The reporter described her as a “handsome woman busily engaged about the diggings.” Her tasks included moving boulders out of the way and separating gold from toxic mercury used in the mining process.
Retired library director Amy Blossom and actress Shirley Patton are bringing Mrs. Wisenbacker’s tale to life through their free “Windows in Time” history series presentation at noon Wednesday at the Ashland Library, 410 Siskiyou Blvd.
With March marking Women’s History Month, the duo are drawing on stories about women from the popular radio series “As It Was: Tales from the State of Jefferson.”
The series about Southern Oregon and Northern California history is a collaboration between Jefferson Public Radio and the Southern Oregon Historical Society.
Patton, a former Oregon Shakespeare Festival actress now in her 75th year of acting, has been the voice narrating the series since 2005.
Over the years, more than a dozen writers have researched local history to craft nearly 4,000 of the two-minute “As It Was” radio segments.
“There’s such a rich variety of stories,” Patton said.
The segments have yielded a treasure trove of anecdotes for Patton and Blossom to share with a live audience.
Among those tales, people who come to their presentation will hear about a woman born into slavery who became a Southern Oregon pioneer, a woman who was pelted with eggs in Jacksonville for advocating for a woman’s right to vote, and a female aviator who taught thousands of men to fly.
Blossom and Patton said they especially appreciate tales that reveal how hard women have worked throughout history.
Born in the 1860s, Jennie Emogene married a local rancher. She had seven children, handled their education, took care of her husband and the ranch hands, carded and spun wool, kept a garden and fed orphaned livestock. Her sisters, who also married ranchers, handled those duties while also managing their ranches after their husbands died.

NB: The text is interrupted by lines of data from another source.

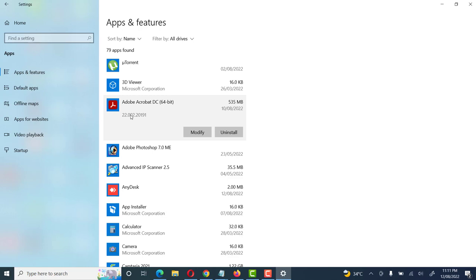Here we see two options: the first one is Modify, the second one is Uninstall. Modify means if we want to remove or add some feature of this application, we click on Modify. If we want to uninstall or remove this application from our system, then we click on Uninstall.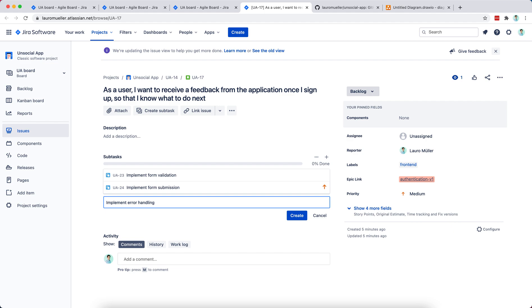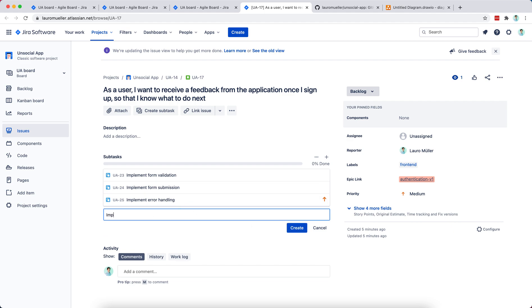Normally we wouldn't reveal whether a specific email is already registered in the database, but we may come to a decision about that later. The final subtask for this story is: implement a success message upon successful form submission.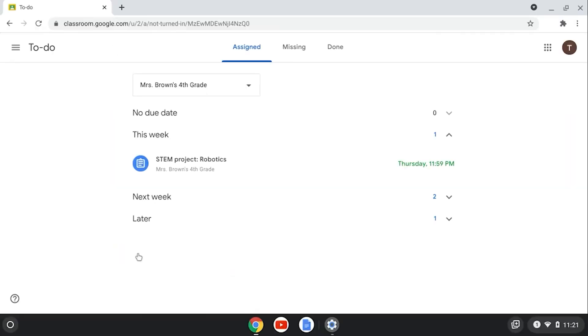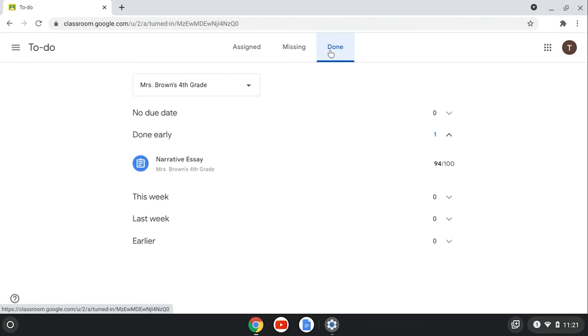Click 'View All' to see a list of all the assignments for that particular class. There you have it parents — a crash course in Google Classroom just for you!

“It’s just remarkable,” Blossom said. “I comment that I used to think that I was busy, but nothing compared to what life was like at those times.”
Blossom and Patton share stories of enterprising women, including an early Oregon doctor, women who ran lodging businesses in Ashland’s Railroad District, and Adeline Billings, an indigenous Karok woman who wove baskets and hats.
Billings would spend days gathering materials in the forest, bringing back pine roots that swelled tight for water baskets, pliable sticks from hazelnut trees for carrying baskets and roots to make colorful dyes.
“Miners loved her straw hats because the expert weaving resisted wear," according to an “As It Was” segment. “The miners hunted gold, but Adeline considered weaving to be her special gold mine, accepting only $5 gold pieces for her work. She made hundreds of items over 60 years, gradually wearing her teeth down by holding grasses taut in her teeth.”
Patton said one of her favorite stories is about Doris Price, a girl who spent hours each day hoeing and stooping to pick ever-bearing strawberries on her father’s 23-acre farm. The girl battled freezing temperatures, weeds, slugs, earwigs, ants and birds intent on devouring the family’s livelihood.
“What a vexation it was to have those strawberries that were needing so much attention,” Patton said.
Patton and Blossom said they’ve enjoyed pouring over the “As It Was” segments in their search for tales about women.
“It’s been a great deal of fun for me to work with Amy, a person who I’ve admired for a long time, and to get to hang out and spend time with her as we’ve gone through the possibilities. And they are endless,” Patton said.